The brilliant part of the book is that after Kara arrives on Earth (in the middle of a fight between Superman and Lex Luthor), Superman hatches a plan for her to learn about the planet, the people, and the culture by going to a public school. So, Kara becomes Linda Lee, a transfer student who doesn't know anyone at her new school or anything about how to fit in. She is, both literally and metaphorically, an alien, the outsider at whom everyone laughs.
She's trying hard to get it right, but no matter what she does, the laughter seems to surround her, enveloping her visually within each panel, and echoing the feeling that everyone is laughing at her. It's only in a beautifully unbounded image of flight near the end of the book that there is any sense that Kara/Linda might be able to transcend her circumstances and be who she really is (she's Supergirl after all). I won't spoil what comes next -- I'll just say that the reveal makes nice use of the comics medium to bring her back to earth.

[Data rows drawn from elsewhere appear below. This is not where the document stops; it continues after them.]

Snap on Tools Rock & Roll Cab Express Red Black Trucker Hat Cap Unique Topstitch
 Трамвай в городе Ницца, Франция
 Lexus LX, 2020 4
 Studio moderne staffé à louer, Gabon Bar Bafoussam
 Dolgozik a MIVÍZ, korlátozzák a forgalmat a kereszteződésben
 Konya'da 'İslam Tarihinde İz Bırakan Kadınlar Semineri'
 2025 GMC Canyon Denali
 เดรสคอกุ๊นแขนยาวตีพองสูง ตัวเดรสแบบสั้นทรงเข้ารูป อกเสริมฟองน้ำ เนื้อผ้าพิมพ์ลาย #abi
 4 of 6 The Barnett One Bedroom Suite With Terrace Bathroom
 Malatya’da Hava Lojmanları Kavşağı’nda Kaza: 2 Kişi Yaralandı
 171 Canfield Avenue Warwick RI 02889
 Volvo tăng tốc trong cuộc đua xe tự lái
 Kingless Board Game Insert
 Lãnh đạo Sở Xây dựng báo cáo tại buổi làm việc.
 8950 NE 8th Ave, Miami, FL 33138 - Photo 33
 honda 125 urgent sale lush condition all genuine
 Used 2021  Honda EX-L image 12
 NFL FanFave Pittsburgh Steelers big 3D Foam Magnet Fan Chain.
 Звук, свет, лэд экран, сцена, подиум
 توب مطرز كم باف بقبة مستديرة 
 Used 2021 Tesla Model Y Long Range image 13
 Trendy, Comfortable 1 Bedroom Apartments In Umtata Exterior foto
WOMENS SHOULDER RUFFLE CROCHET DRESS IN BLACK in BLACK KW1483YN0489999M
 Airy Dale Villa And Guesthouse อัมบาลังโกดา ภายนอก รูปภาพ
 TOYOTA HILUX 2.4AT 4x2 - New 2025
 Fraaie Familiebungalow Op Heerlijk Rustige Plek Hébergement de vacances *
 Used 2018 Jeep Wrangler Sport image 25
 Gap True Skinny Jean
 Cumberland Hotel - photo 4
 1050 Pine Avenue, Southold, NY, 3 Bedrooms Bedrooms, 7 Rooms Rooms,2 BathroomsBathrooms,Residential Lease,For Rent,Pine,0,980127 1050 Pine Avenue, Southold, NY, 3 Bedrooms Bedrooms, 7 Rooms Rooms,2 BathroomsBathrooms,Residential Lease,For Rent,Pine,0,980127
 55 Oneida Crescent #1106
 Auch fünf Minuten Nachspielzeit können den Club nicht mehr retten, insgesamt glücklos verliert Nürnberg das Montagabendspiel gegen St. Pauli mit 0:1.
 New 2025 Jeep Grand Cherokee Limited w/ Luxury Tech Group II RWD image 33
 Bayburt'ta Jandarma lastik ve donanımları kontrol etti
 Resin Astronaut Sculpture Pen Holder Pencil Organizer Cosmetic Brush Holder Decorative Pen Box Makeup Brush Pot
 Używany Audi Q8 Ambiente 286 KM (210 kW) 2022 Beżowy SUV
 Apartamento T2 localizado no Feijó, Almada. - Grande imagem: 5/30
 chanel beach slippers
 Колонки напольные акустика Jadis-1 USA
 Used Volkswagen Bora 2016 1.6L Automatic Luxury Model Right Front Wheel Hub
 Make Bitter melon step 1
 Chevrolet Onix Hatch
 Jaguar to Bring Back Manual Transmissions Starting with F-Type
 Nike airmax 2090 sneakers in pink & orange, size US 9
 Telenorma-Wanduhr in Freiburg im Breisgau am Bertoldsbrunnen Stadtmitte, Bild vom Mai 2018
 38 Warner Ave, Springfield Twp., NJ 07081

Speaking of the medium, Walker and Jones do an excellent job of using the grammar of comics to tell the story (and introduce younger reader to the way that comics work). As you can see from the following page, the freedom that Supergirl initially feels is underscored by the fact that the image is unbounded by panel borders. The subsequent panels step down as she falls and our eye movement through the page follows her. Finally, the red and blue motion lines of the last unbounded panel tell the reader visually that Superman has come to save her (with the speed and sound represented by the zoom sound effect). And that's only the tip of what's going on in this page. We could easily talk about this one, fairly straightforward page in terms of any number of formalist theories of comics (as those in the Contemporary Graphic Novels seminar are learning), but what's important is that Landry and Jones use all the tools available and in doing so, help kids learn to read and appreciate comics. To my mind, comics such as this are exactly what are needed to get kids interested in the medium.
But that isn't quite what I've been telling people. What I have been telling them is that Supergirl: Cosmic Adventure in the 8th Grade, along with Kunkel's new Shazam book, is one of the smartest and most entertaining books around. Let's hope the mini-series (#2 is just out) yields an ongoing title.